Harper Perennial / HarperCollins
US First Edition Trade Paperback
ISBN 978-0-060-56005-8
Publication Date: 06-02-2009
454 Pages; $15.99
Date Reviewed: 07-07-2009


Index:  Non-Fiction

Jeff Sharlet stumbled onto the Apocalypse when he was trying to help an old friend. Her brother, she said, had been through some tough times, but now he sounded better — maybe. She asked Sharlet to have dinner with him and find out what he was caught up in. It was nothing less than a well-organized, well-funded plan by Christian fundamentalists to establish a top-down control of governments and businesses around the world by a group that calls itself the Family. They’ve been going strong for more than seventy years. They're not a conspiracy and there are no big secrets. They don't call attention to themselves, but now, thankfully, Jeff Sharlet has, in his book, ' The Family: The Secret Fundamentalism at the Heart of American Power.' This Apocalypse has already come to pass.

Sharlet begins the book with a novelistic, first person narration of his experience at Ivanwald, a house somewhere in Arlington, Virginia, where young men are groomed to take power in the name of a Christ who apparently draws his power from the same place as Hitler, Lenin, Stalin and Mao. These are the influences that hover over those indoctrinated into "The Family," these are the names the young men hear as they live and learn together.

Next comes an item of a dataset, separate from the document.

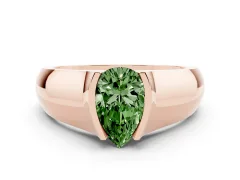 Fancy Green Pear Cut Diamond Bezel Solitaire Ring Set in Rose gold with Wide Band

Sharlet then reaches back deep into history to trace this peculiar and terrifying form of fundamentalism to its roots before the Revolutionary War. As a social history of the Christian religion in America, 'The Family' is a fascinating and powerful reading experience. Sharlet connects figures and facts and threads of history to paint a very different picture of the power of religion in America. We're used to seeing the demonstrations and the congregations, but in Sharlet's narrative, there's been a parallel track of power brokers and organizers who got their start as Union-busters just after the Great Depression. A Norwegian immigrant named Abraham Vereide had a vision of God in 1935 that gave him what he called "The Idea" — "To the big man went strength, top the little man went need. Only the big man was capable of mending the world....He thought that powerful people, so clearly blessed by God, must surely possess equally great reserves of compassion and love that they wished to shower down on the weak, if only someone would show them how....Abram would show them how."

From there Sharlet takes readers up to the present, and along the way we see the Family merging Church and State in the National Prayer Breakfast, inserting the words "..under God.." in the Pledge of Allegiance, putting the words "In God We Trust" on our money, using power to effect change from the top down. They’ve driven foreign policy and got us in bed with a passel of murderous dictators because power is what drives them. These are people who cheerfully suggest that the death penalty should apply to adultery.

Sharlet's book is compelling and beautifully written. His prose is hard-hitting and crystal clear when he's reporting history and current events and carefully turned when he's taking readers on a personal journey. The book includes more than 60 pages of notes and index. The arc of 'The Family' is personal and universal. The journey readers take while reading this book is not easily forgotten. Some may find it heartening while others may find it horrifying. This is not about a group that wants power. This is about a group that has power. In many ways, 'The Family' is the first work of post-Apocalyptic non-fiction.